Один миллион пятьсот тысяч пенгё! Даже представить трудно, сколько денег дали чепельцы. Мари испытала чувство большой гордости, словно она тоже способствовала чем-то такому огромному успеху, в конечном счете она вправе причислять себя к чепельским рабочим, ведь Винце там работал! Все было бы по-другому, если бы Винце находился все время рядом с ней, но вышло так, что она осталась одна как раз тогда, когда еще только начался процесс превращения несмышленой девушки в сознательную женщину… Стоит ли удивляться тому, что она такая темная, не может разобраться в том, что происходит в мире?
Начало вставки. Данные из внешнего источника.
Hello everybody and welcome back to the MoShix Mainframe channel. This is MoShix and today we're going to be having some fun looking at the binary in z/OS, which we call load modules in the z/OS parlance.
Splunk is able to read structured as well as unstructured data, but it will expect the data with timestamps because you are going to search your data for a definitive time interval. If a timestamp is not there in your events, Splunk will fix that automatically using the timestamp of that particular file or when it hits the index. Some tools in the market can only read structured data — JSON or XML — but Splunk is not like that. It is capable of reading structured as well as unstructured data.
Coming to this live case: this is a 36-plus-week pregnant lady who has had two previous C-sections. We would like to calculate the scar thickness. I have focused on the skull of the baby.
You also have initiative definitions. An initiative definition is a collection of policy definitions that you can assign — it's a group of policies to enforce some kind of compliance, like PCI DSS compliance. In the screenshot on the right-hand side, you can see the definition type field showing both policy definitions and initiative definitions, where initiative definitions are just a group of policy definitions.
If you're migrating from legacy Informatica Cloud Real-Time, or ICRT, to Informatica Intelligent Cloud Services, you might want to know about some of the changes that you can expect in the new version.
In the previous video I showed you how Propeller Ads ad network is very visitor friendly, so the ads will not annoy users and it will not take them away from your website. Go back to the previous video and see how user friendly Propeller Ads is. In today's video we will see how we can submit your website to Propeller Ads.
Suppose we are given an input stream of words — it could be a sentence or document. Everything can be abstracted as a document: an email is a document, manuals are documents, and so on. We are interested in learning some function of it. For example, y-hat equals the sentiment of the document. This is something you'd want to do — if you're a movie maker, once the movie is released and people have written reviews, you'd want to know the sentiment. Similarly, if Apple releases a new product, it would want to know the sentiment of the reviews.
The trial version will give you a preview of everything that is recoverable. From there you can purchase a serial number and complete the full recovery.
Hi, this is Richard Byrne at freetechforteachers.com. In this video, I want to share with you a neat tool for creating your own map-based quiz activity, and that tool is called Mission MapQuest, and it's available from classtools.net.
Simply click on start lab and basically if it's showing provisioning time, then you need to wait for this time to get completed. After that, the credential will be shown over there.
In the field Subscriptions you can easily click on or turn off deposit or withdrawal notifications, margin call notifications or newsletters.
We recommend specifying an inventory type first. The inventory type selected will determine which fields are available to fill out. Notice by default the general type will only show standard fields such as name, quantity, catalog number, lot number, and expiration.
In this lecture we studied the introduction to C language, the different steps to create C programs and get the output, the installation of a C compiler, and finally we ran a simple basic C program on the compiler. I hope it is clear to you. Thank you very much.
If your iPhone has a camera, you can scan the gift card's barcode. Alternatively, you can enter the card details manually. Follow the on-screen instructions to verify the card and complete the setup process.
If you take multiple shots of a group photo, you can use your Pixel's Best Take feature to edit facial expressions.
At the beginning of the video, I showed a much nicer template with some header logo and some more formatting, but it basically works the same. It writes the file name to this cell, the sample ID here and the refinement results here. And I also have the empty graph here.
Всегда в одиночестве, все помыслы ее устремлены на то, чтобы заработать на хлеб насущный… Но чего уж греха таить, она никогда не тяготилась своей темнотой, даже не замечала ее, и вот только теперь остро почувствовала необходимость избавиться от нее; темнота, как тесное платье, давила и душила ее, и ей все чаще приходила в голову мысль расставить это тесное платье.
Мари сложила вчетверо газету и, подойдя к корыту, принялась за стирку. Ей еще надо будет привести в порядок черную юбку, в которой она спала в убежище. После каждой бомбежки она, обливаясь слезами, убирала в ней квартиру. К тому же война скоро кончится, и, как уверяла ее Луйза, Винце вернется домой… Теплые рейтузы плавали на поверхности воды, затем, постепенно намокая, медленно погрузились на дно корыта и распластались там. Мари стояла над ними, прижав к груди мокрые руки. Тогда она не придала особого значения словам Луйзы, пропустила их мимо ушей, но сейчас у нее даже дыхание сперло! Все может быть. Время не стоит на месте, как в период осады, когда дни казались нескончаемыми. Думала ли она тогда о Винце? Нет, во всяком случае редко, и не беспокоилась о нем. Какой же она была глупой и наивной! На прощание Винце сказал ей: «Береги себя, если начнешь тревожиться обо мне, мысленно повторяй: мой муж жив и здоров, он в полной безопасности, потому что в первый же день я перебегу к русским, так и знай». Это было осенью сорок третьего года, с тех пор прошло больше полутора лет, а от Винце не пришло никакой весточки. Собственно говоря — сейчас даже неловко признаваться в этом, — она гнала прочь воспоминания о Винце и упорно, как одержимая, повторяла про себя: мой муж жив и здоров, он в полной безопасности… Между тем всякое могло случиться. Погонят человека на фронт, на передовую. Он осмотрится, найдет лазейку, где можно переползти к русским: скажем, залегли они в кустарнике, позади солдат — сержанты и офицеры, которые почему-то всегда дальше от передовой; солдат тихонечко ползет вперед, метр за метром, там впереди — русские, кусты уже редеют, и вот чистое, вспаханное под озимые поле; солдат вскакивает, бежит, поднимает руки, кричит, и тут выстрел в спину…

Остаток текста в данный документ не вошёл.